Councilman George Poe: "It is a mess. It's embarrassing."

Councilman Charlie McKenzie: "Something happens, and every time you think you get to the bottom of it, something else happens."

Councilman Bill Estes: "This is a very serious issue with the city - not just the council but the whole town is looking at the situation."

Councilman Richard Banks: "It's unacceptable to have the present policy in place, which allows the Cleveland Police Department to be on the front page of the local papers in a negative way."

The council expects to hear details Monday of City Manager Janice Casteel's proposal to form a panel to figure out what's wrong and try to fix it.

In a news release last week, Casteel said, "I intend to ask the City Council to form a committee consisting of myself, one or more of their members and a law enforcement consultant selected by the council to review the organizational structure and certain policies of the Cleveland Police Department moving forward."

It's not just the most recent events, where Officer Jeff Griggs said he took photos of his wife, Cindy, and his boss, then-acting Chief Dennis Maddux, kissing in a parked car in McMinn County. The upshot of that was Maddux and Griggs both suspended, Maddux demoted, Griggs arrested twice - once on his wife's allegation of domestic violence, again when he went to the couple's home in violation of a protective order - and investigations by the McMinn and Bradley sheriffs' offices, the Tennessee Bureau of Investigation and the 10th Judicial District Attorney's Office.

It's that there's a history there, too.

Maddux was the third departmental leader in just more than a year. Longtime Chief Wes Snyder retired in January 2014, soon after surveillance video surfaced that showed multiple meetings between him and a woman not his wife at a warehouse storage unit fitted out with a rug, blankets and a bottle of brandy.

In recent years, multiple scandals have hit the police department, including:

' Officers Nathan Thomas and Dennis Hughes, who went to prison on statutory rape charges for giving pills and alcohol to 14- and 16-year-old girls and having sex with them in 2008;

' Jeremy Noble, Snyder's brother-in-law, who reportedly tried to date students while a school resource officer at Cleveland High School, and who was demoted in 2009 after confessing to having three sexual affairs while on duty;

' Officer Ross Wooten, who was investigated but exonerated after at least two women claimed he forced them to have sex with him. He resigned after a 2013 allegation and was sued in federal court;

' Detective Suzanne Jackson, who filed a sexual harassment complaint against the department in 2011 and soon afterward was fired;

' Sgt. Bill Higdon, whose relationship with a high-dollar prostitute, including suggestive texts and explicit photos, came to light after she died in 2013 of a gunshot wound to the head that was ruled a suicide.

Council members have been fully supportive of Casteel, who as city manager has hiring, firing and disciplinary authority, and of Snyder when he was police chief.

When Snyder apologized to the City Council in December 2013 after the love-nest videos became public, council members gave him a standing ovation.

They're still backing Casteel, but several say they see the need for change at the police department.

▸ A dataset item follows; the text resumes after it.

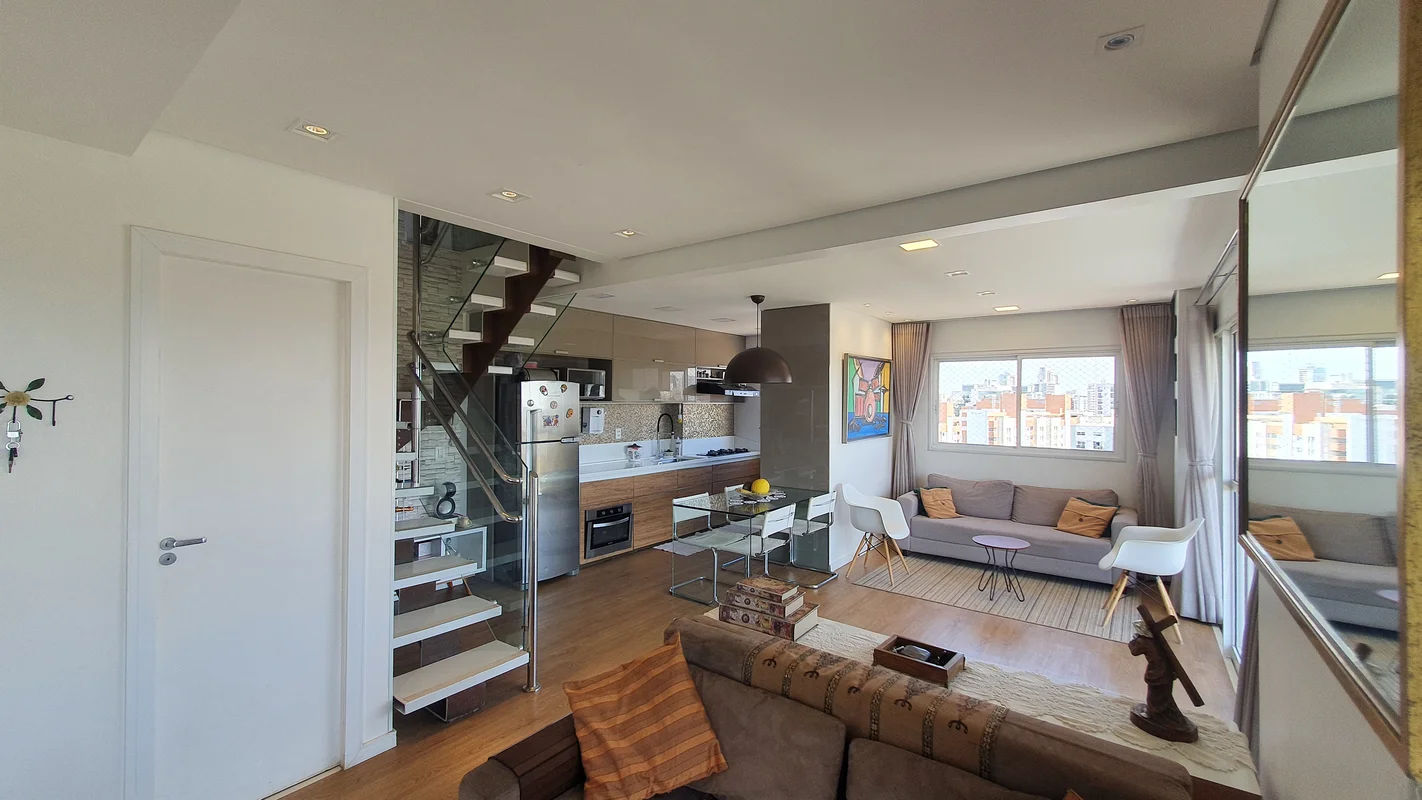 ESPECIFICAÇÕES DO IMÓVEL:Apartamento no 19º andar – último pavimento! Duplex com...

"It's not just structure. It's a mindset and a culture," Estes said. "The culture needs to change. It's not the whole culture, it's not the whole police department, but there needs to be a relooking" at what's needed to serve Cleveland citizens.

"We need to be concentrating on good, efficient law enforcement in the city of Cleveland," Banks said.

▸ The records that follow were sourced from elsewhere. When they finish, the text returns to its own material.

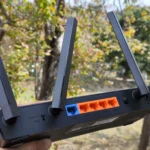 Người dùng cầm router TP-Link, biểu tượng cho việc bảo mật mạng gia đình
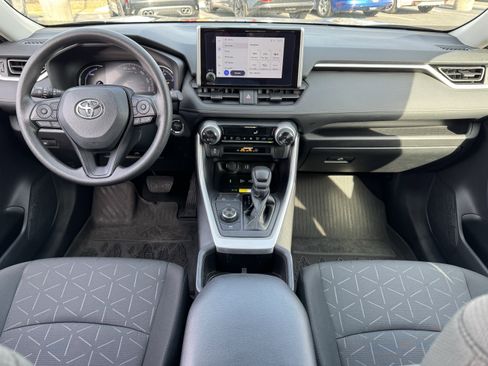 Used 2024 Toyota RAV4 AWD Hybrid image 22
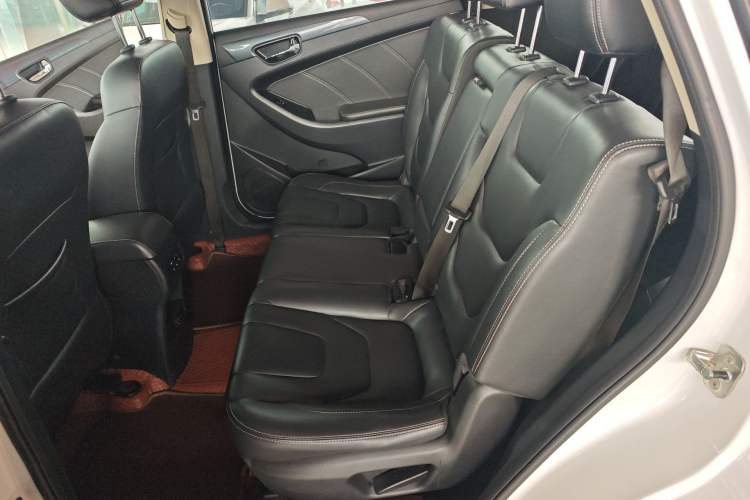 Used Dongfeng Fengon 580 2017 1.8L Manual Comfort Model Left Rear Seat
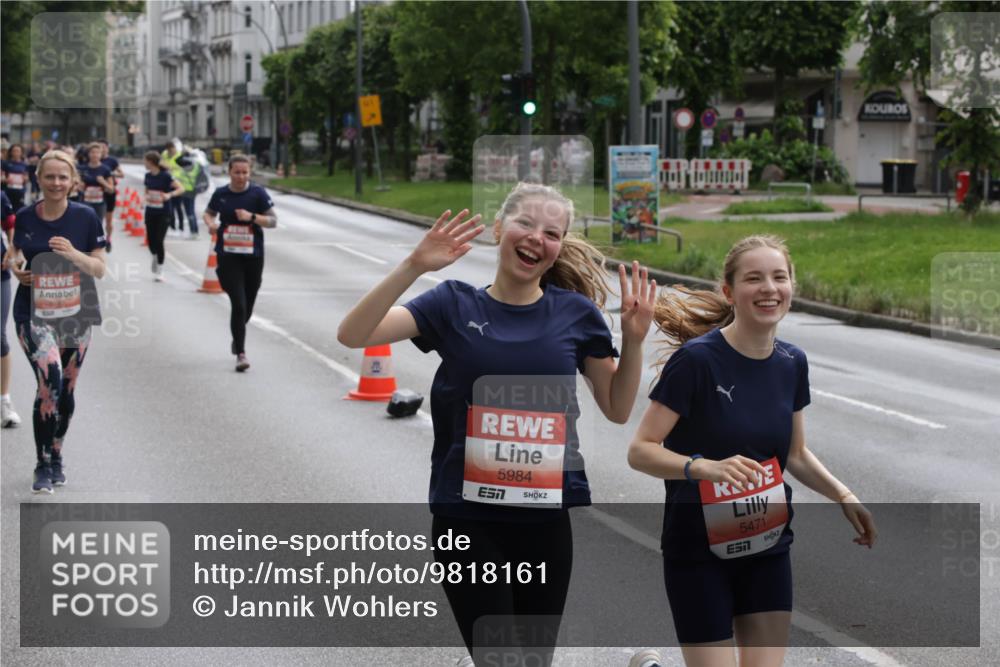 14.06.2026 - REWE Women's Run Jannik Wohlers http://msf.ph/oto/9818161 14.06.2026 10:59:16 Laufen 5984, 7, 5471, 7 meine-sportfotos.de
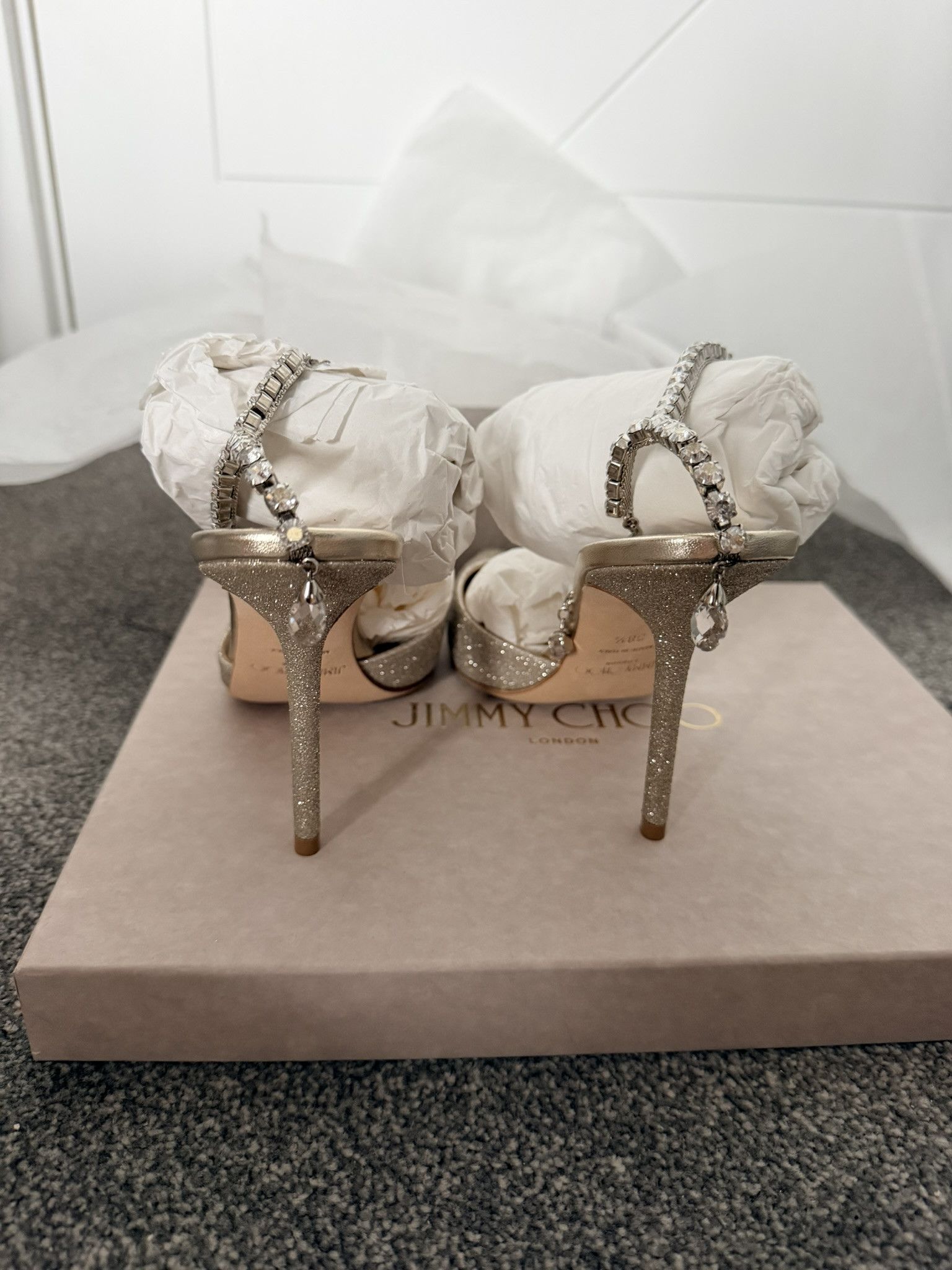 Jimmy Choo Jimmy Choo Saeda 38.5 Platinum Ice Crystal Size US 8.5 / IT 38.5 - 7 Thumbnail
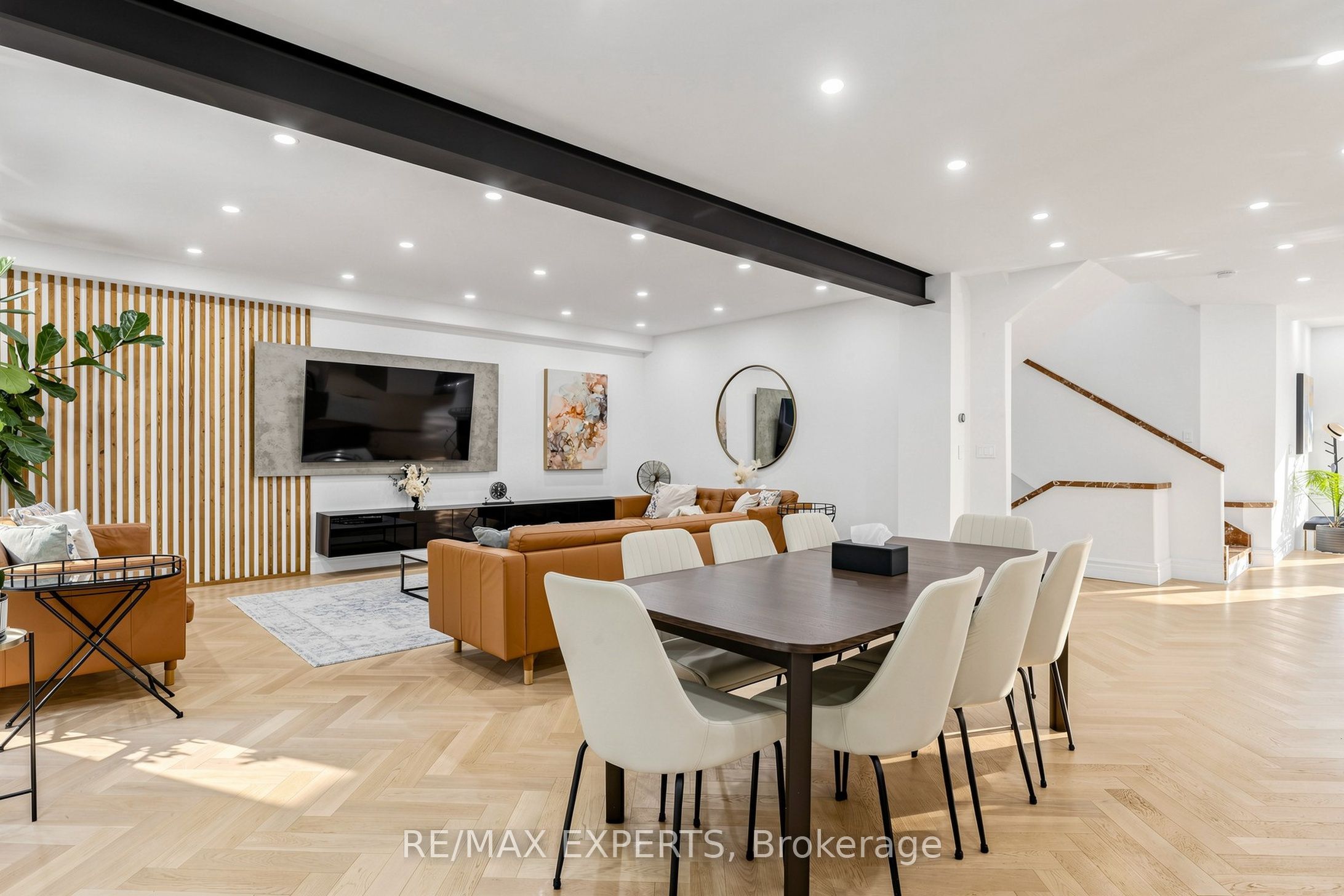 64 Humberwood Gate Property Photo 7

Poe said there's been a culture of permissiveness and lax supervision.

"I think some new rules need to be set," he said. "You can't hardly take one person and punish them and not the other. In the past, nobody has been punished - maybe lowered their rank one notch or something."

He's got some specific ideas - taking more officers out of the headquarters and putting the on the street, and giving the council more authority over personnel decisions.

But, he noted, "No matter what we change, it's not going to stop men and women getting together, no matter where you put them - singing in a choir, running a bar, or as policemen. It's not going to change."

Other council members said they're waiting to see what Casteel proposes.

"I think she is a qualified city manager and she has the backing of the City Council," Councilman David May said.

Estes and Banks both saw her call for an outside consultant as a positive.

"I think [Casteel] is heading in the right direction by bringing in a consultant to analyze what's gone wrong and set the right direction for the future," Banks said.